Exercise
Reproduce exactly the span of lines beginning at the one with "روسيا وفلسطين" and ending at the last line of the data below, omitting pictures.

^^^^^^^^

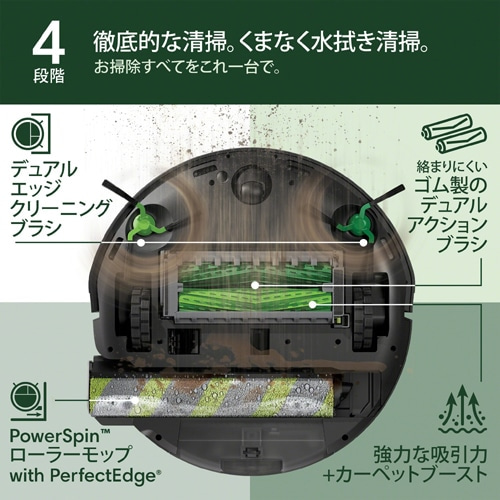 iRobotiAC{bgj Roomba Max 705 Combo {bg + AutoWash [dXe[ViKij X185060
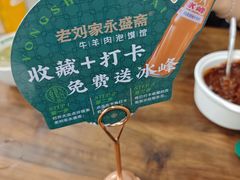 -老刘家永盛斋·传统泡馍(东关南街店)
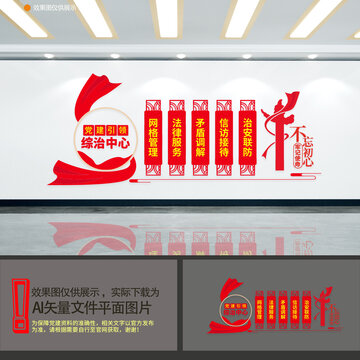綜治中心文化墻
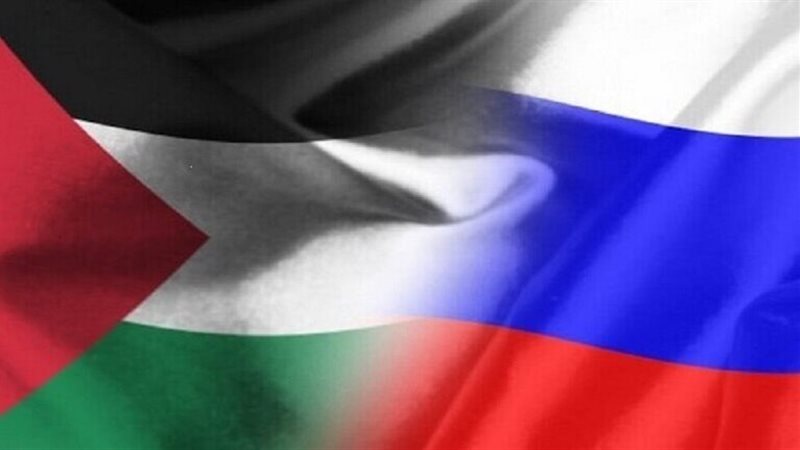 روسيا وفلسطين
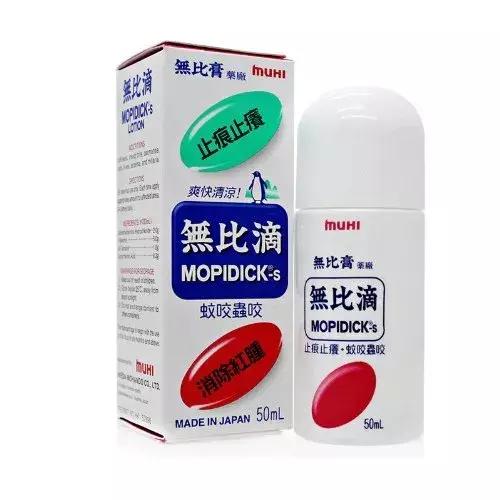 去香港旅游必买的药品清单,香港十大必买药品第一名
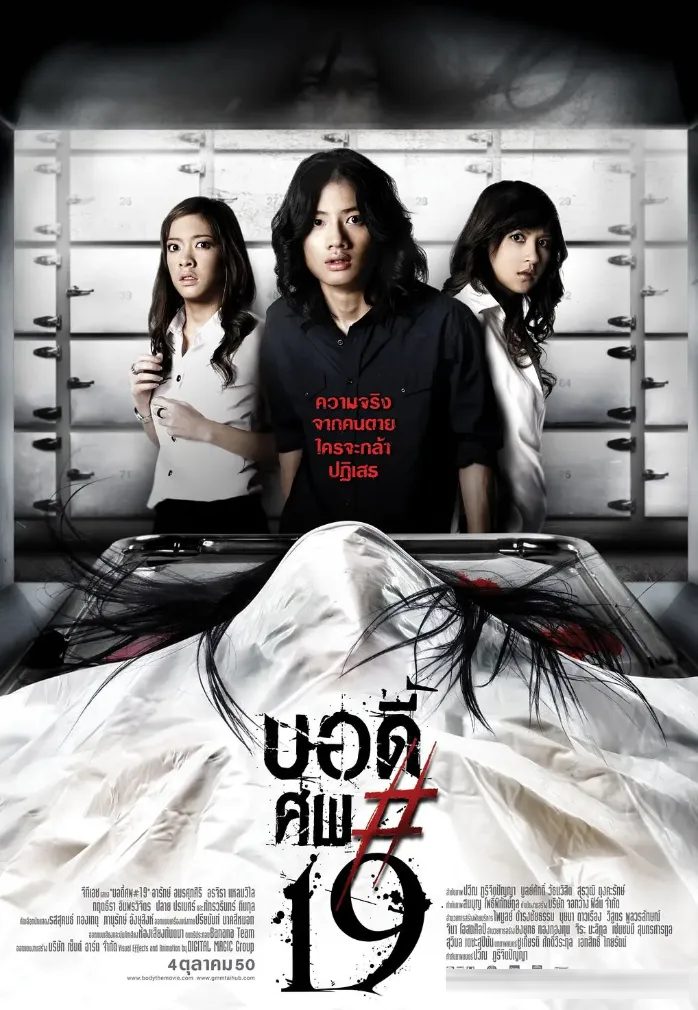 30部泰國鬼片盤點：從封神之作《鬼影》到金棕櫚系的《靈媒》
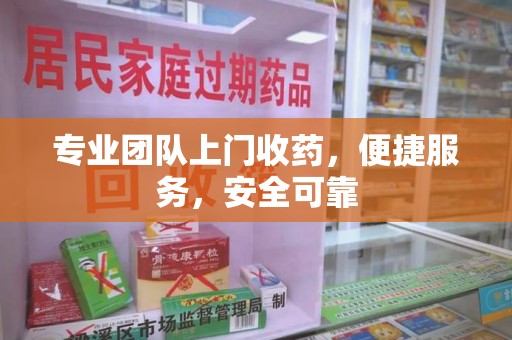 蚌埠专业团队上门收药，便捷服务，安全可靠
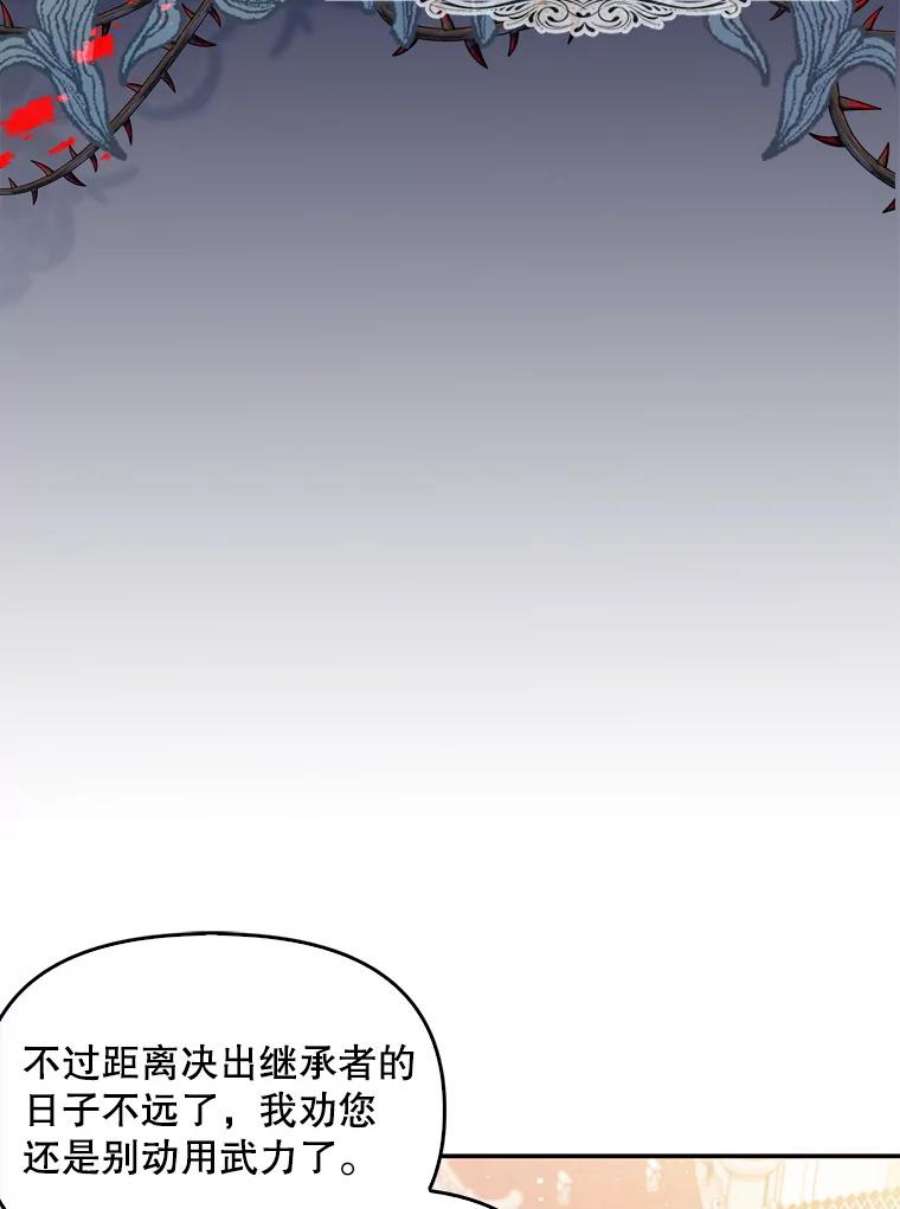 恶棍的宝贝妹妹44.再相见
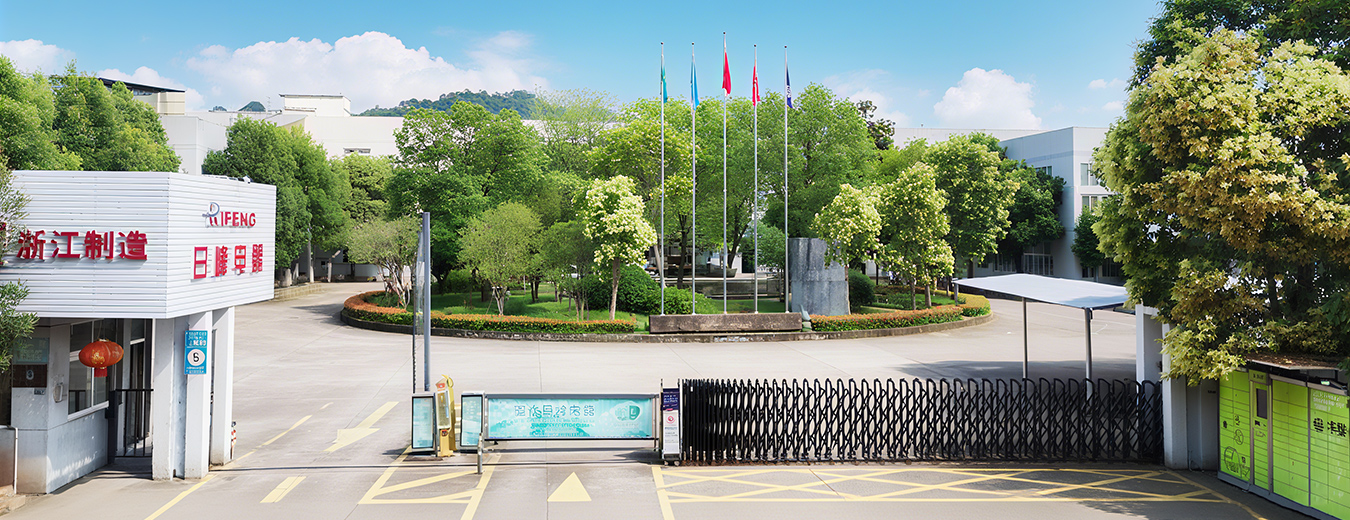 Zhejiang Rifeng Electrical Appliance Co.、Ltd。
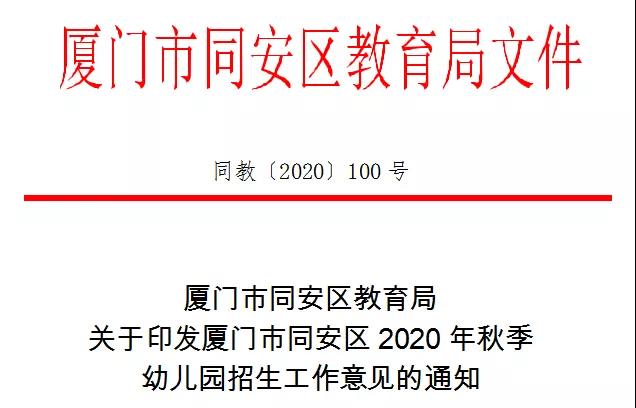 厦门又一个区公布幼儿园招生划片 8月9日现场报名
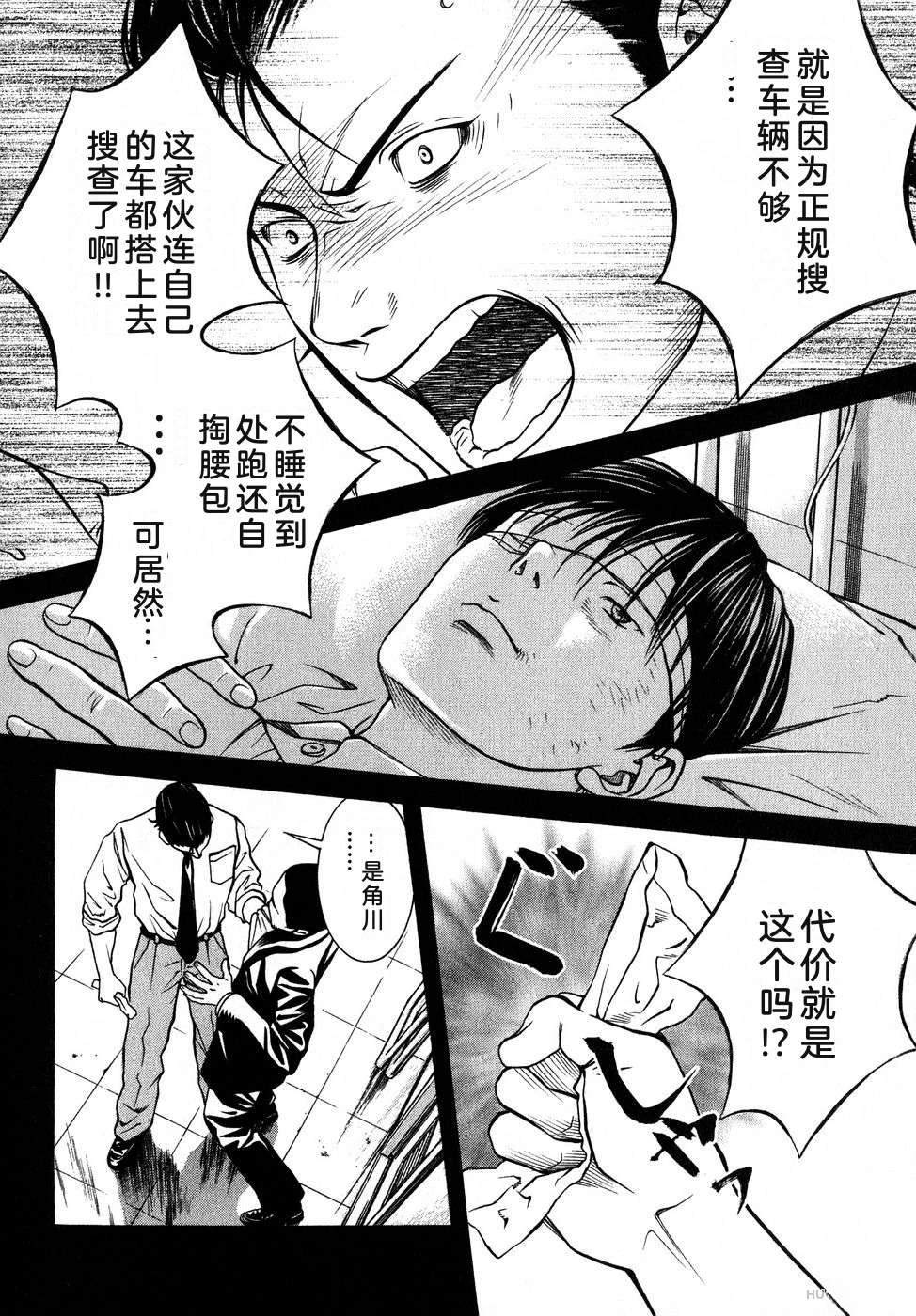 第173页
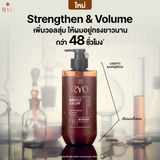 Combo Dầu gội & dầu xả Sâm Đen Mọc Tóc và Làm phòng Tóc, giảm rụng tóc Ryo Hair Strengthen & Volume ( Gội Xã Sâm đen)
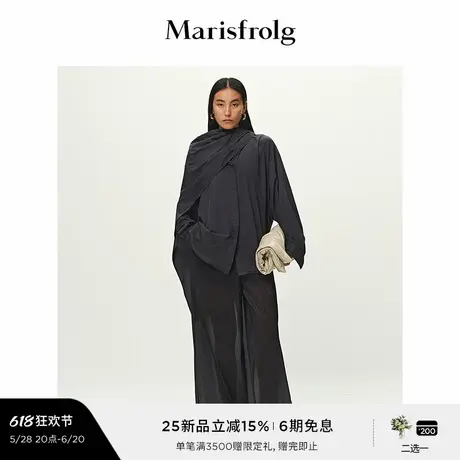 【精简衣橱】Marisfrolg玛丝菲尔2025春新款围裹式披肩衬衫外套图片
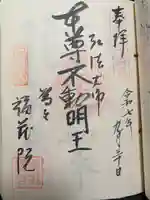 福蔵院(東京都)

^^^^^^^^

Exercise result
 روسيا وفلسطين
 去香港旅游必买的药品清单,香港十大必买药品第一名
 30部泰國鬼片盤點：從封神之作《鬼影》到金棕櫚系的《靈媒》
 蚌埠专业团队上门收药，便捷服务，安全可靠
 恶棍的宝贝妹妹44.再相见
 Zhejiang Rifeng Electrical Appliance Co.、Ltd。
 厦门又一个区公布幼儿园招生划片 8月9日现场报名
 第173页
 Combo Dầu gội & dầu xả Sâm Đen Mọc Tóc và Làm phòng Tóc, giảm rụng tóc Ryo Hair Strengthen & Volume ( Gội Xã Sâm đen)
 【精简衣橱】Marisfrolg玛丝菲尔2025春新款围裹式披肩衬衫外套图片
 福蔵院(東京都)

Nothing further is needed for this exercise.